Ognuno ama a modo suo, anche se in questo mondo la libertà di amare è spesso condizionata da chi dall’alto del proprio trono vuole imporre dogmi e unilateralità. L’amore è un sentimento che non può essere etichettato, inquadrato, circoscritto, è emozionale e a volte anche razionale, il classico mitologico scontro tra dionisiaco e apollineo che anche a Monfalcone ha avuto il suo essere e divenire.

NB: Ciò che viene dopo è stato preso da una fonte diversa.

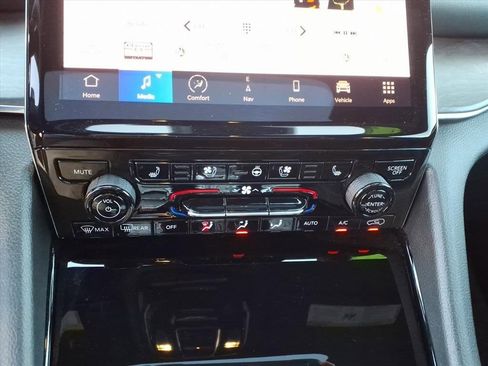 Used 2024 Jeep Grand Cherokee Overland w/ Trailer Tow Package image 28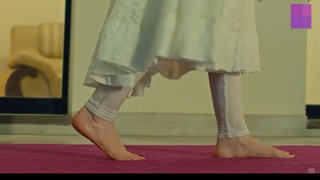 Juggun Kazim feet photo thumbnail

L’amore per una città però non è solo una questione di estetica. Certo, Jane Jacobs ha scritto che le strade e i marciapiedi costituiscono i più importanti luoghi pubblici di una città e i suoi organi più vitali. Specificando che “quando si pensa ad una città, la prima cosa che viene alla mente sono le sue strade: secondo che esse appaiano interessanti o insignificanti, anche la città appare tale”. Giusto. Ma è anche vero, come ha detto Italo Calvino, che “ogni città riceve la sua forma dal deserto a cui si oppone”.
A Monfalcone in questo decennio ha prevalso certamente l’amore per il materialismo, l’amore per l’estetica: i fiori, le piazze rifatte, le spiagge rinnovate, le nuove fontane. Nulla da eccepire.
Ma il deserto a cui si oppone questo amore ha plasmato la Monfalcone di oggi e sta definendo la città che verrà da cui non si può più tornar indietro e fuggire.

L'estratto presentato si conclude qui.